▸ **WHAT YOU NEED TO DO**: A letter-for-letter copy of the listing is required, with no pictures in it.

=== GIVEN MATERIAL ===

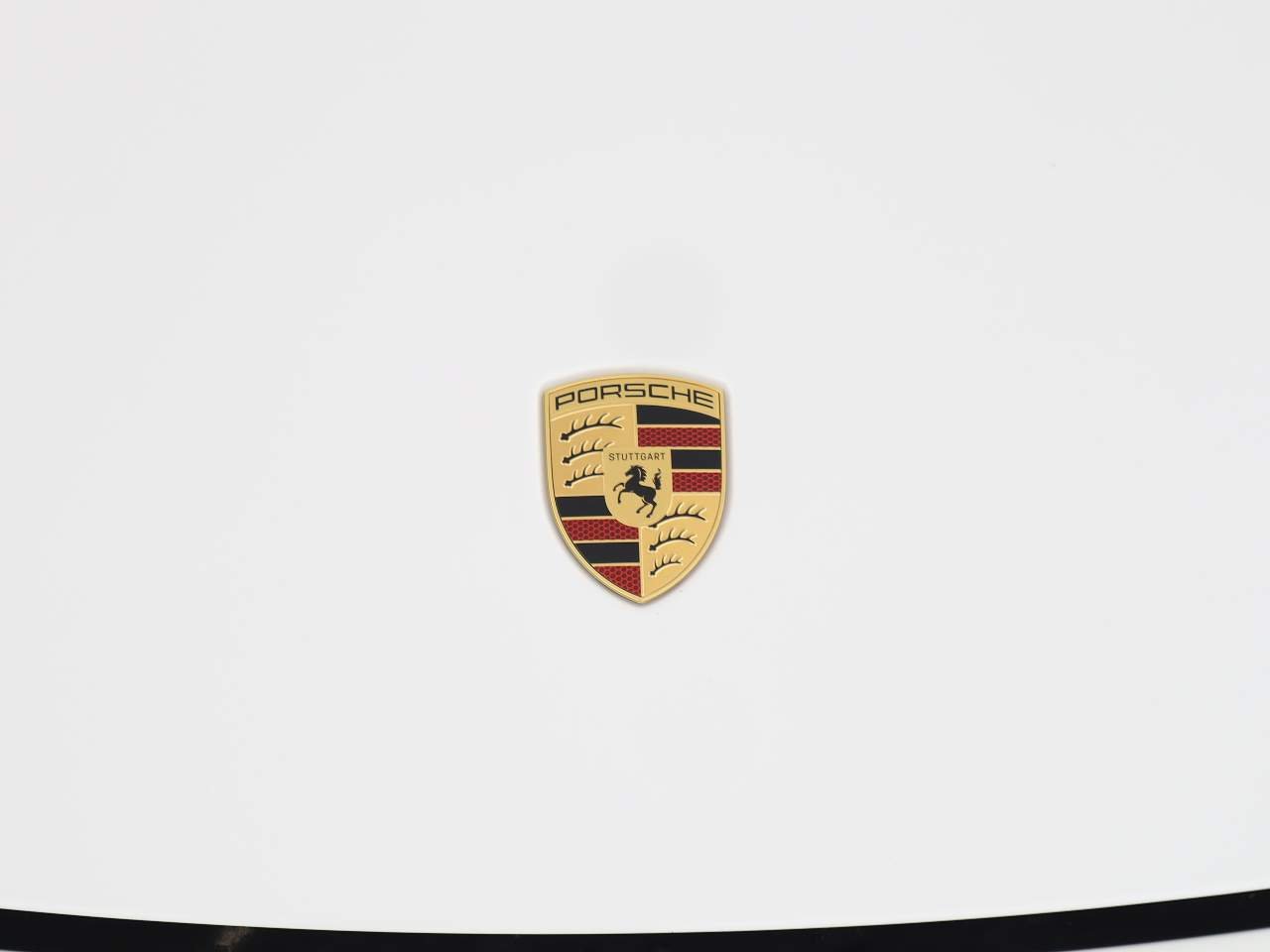 2025 Porsche Taycan Base - Photo 24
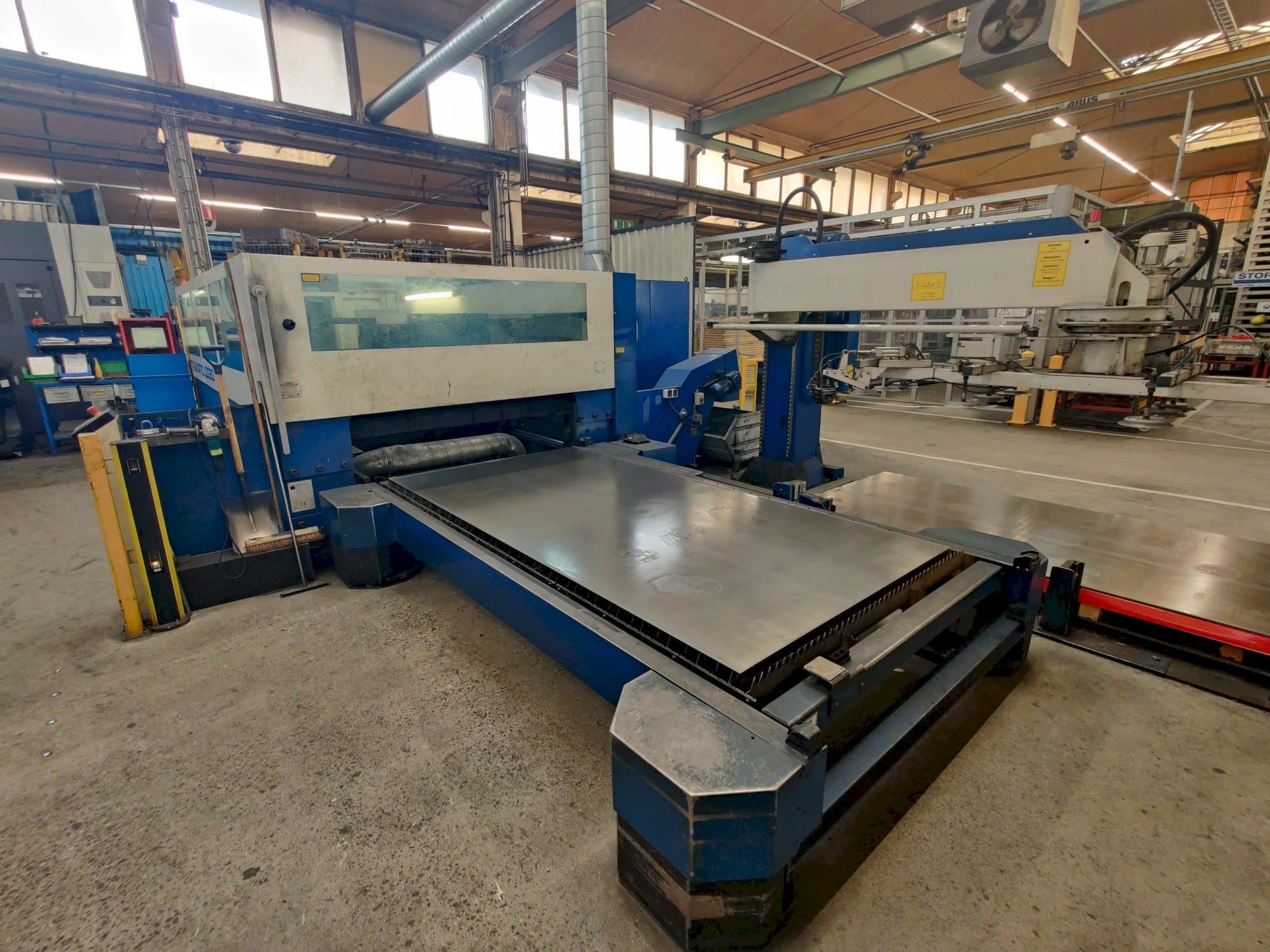 Koneen  Trumpf Trumatic L3050 etunäkymä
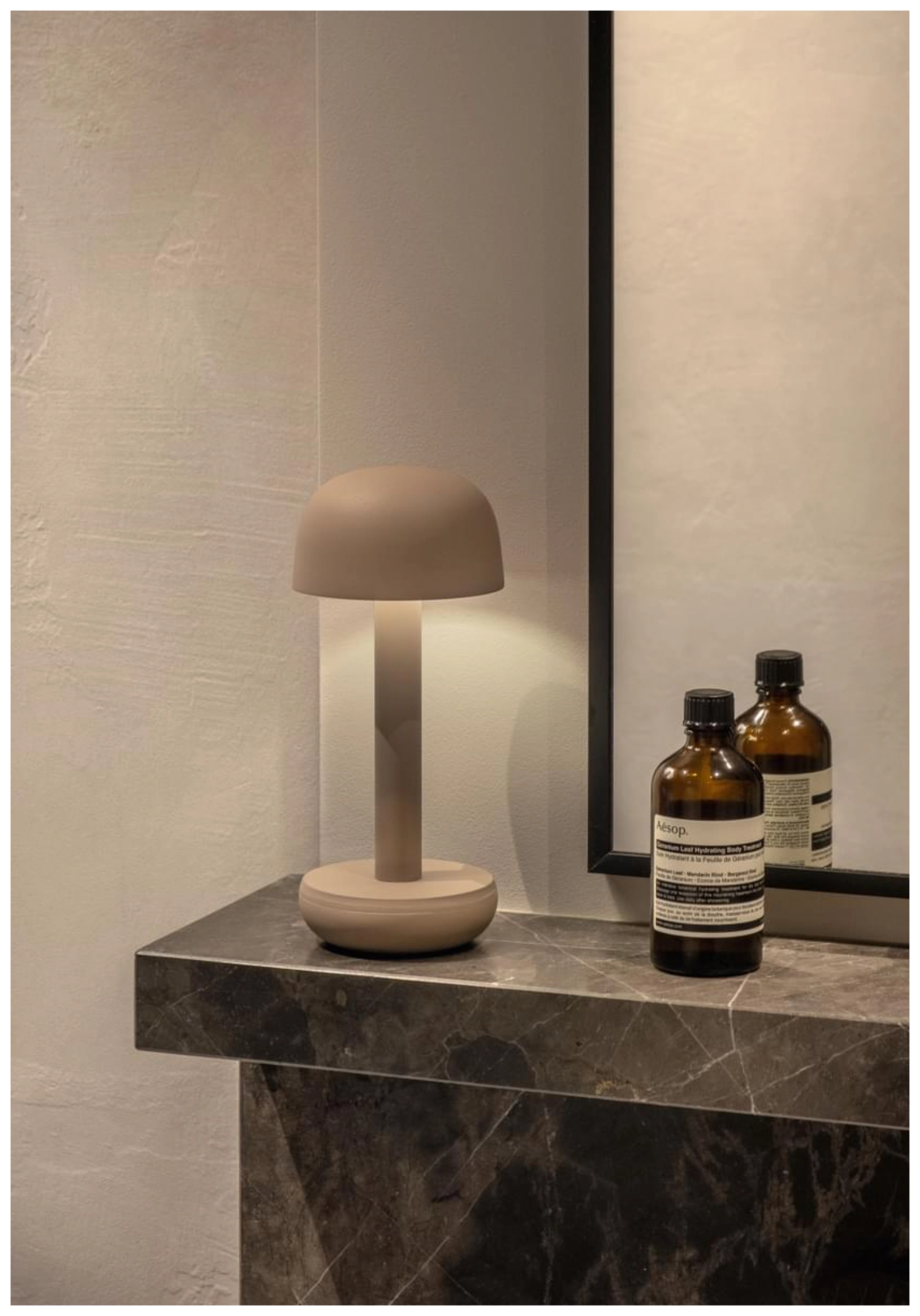 Two Tischlampe V2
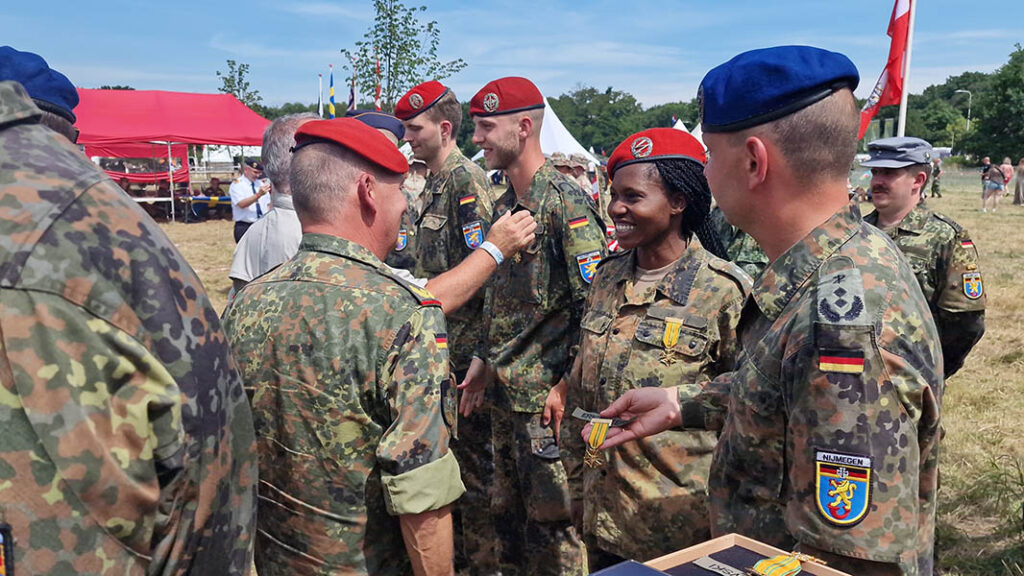 Brigadegeneral Hans-Dieter Müller gratulierte Erstmarschiererin Hauptmann Martha S. aus der Marschgruppe Zentraler Sanitätsdienst. (Foto © Bundeswehr/ Olaf Pieper)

===

▸ **WRITTEN RESPONSE**:
 2025 Porsche Taycan Base - Photo 24
 Koneen  Trumpf Trumatic L3050 etunäkymä
 Two Tischlampe V2
 Brigadegeneral Hans-Dieter Müller gratulierte Erstmarschiererin Hauptmann Martha S. aus der Marschgruppe Zentraler Sanitätsdienst. (Foto © Bundeswehr/ Olaf Pieper)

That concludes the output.